Another possibility, in my view, is that the processor architects figure out how to include the unique GPU widgets in the general-purpose instruction sets, and in the next several years the general-purpose processors take over much of what is today viewed as GPU work. Remember, the processor cores themselves on today’s sockets are a relatively small fraction of the die area, so increasing that by 10-20% to include stream constructs or vector registers would not be a huge overall cost. (The memory bandwidth issue from the prior paragraph still applies.)

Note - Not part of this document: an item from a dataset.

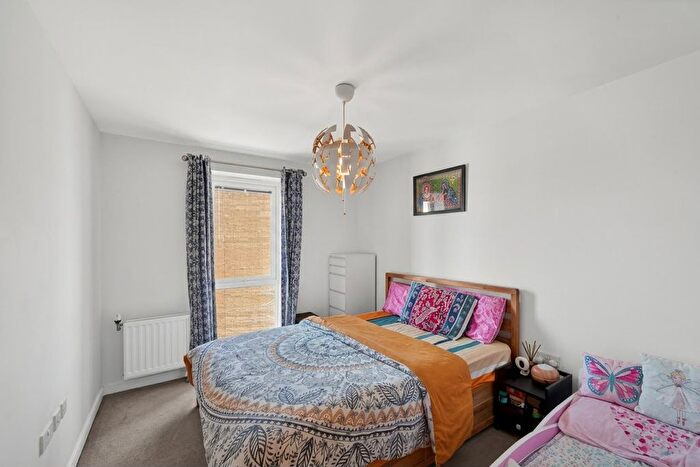 3 Bedroom Terraced House To Rent In Flat, Breacher House, Essex, IG11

As I think about this from the perspective of VHLL users who want excellent performance but refuse to spend their days rewriting their code for the latest hot hardware innovation, it seems like we need some insulation from the vagaries of those various innovations. Yes, we want to be able to get their benefits, when they’re appropriate for our codes, but not at the cost of extensive changes.
How often are you willing to make significant changes to your program(s) to exploit significant hardware innovations? Every month? Every year? Every 5 years?
Summary: GPUs provide amazing performance benefits for some key computational kernels, but they are beasts to program and their use from VHLL programs today is non-trivial. Most VHLL users will probably want to be insulated from these hardware details, yet still have a way to get the performance benefit.
COMMENTS
You didn't mention RapidMind (http://www.rapidmind.net/) for programming GPUs. I have not spent enough time to get to know it well but it looks promising.
What is the story with the IBM/Sony/Toshiba Cell Broadband Engine?
It got a lot of press a year ago, but I haven't seen anything lately.
Is it an important innovation?
Ah, I neglected to mention RapidMind. I've also heard encouraging comments about it but haven't had time to look into it.
As far as the Cell BE, having heard a couple detailed presentations about using it for non-graphics apps, it sounds as though it's similar to the NVIDIA/ATI GPUs, but has some hardware differences that a performance-driven programmer will have to take into account. The summary I gleaned is that it has the same high-potential hard-to-program profile as the GPUs. People who have heard the roadmap for future Cell processors are apparently excited, but I haven't heard it first-hand.
I too was wondering why RapidMind was not mentioned in the context of this article. We a attempting to make decisions that minimize code rewrites when moving from one multi-core target to another and it seems that RapidMind's concepts squarely address this issue via a high level C++-like framework. We are currently contemplating whether RapidMind can incorporate a CUDA backend and achieve significant performance gains (or reasonably near so) compared to direct CUDA
The claim that OpenMP might be generally suited for many-core machines might not be true. The basic reason is that the CPU-CPU communication will be far more efficient than CPU-Mem communication. Some references: http://www.gotw.ca/publications/concurrency-ddj.htm
I received feedback on this GPU posting that the Cell is significantly different from the NVIDIA and ATI GPUs, and lumping them all together is a mistake. Among the points raised: the Cell is a significant step lower in peak FLOPS and memory bandwidth (~3X) and some other points about programmability I have not had time to confirm or refute. For completeness' sake, I wanted to leave a note that my conclusions may have been inaccurate.
|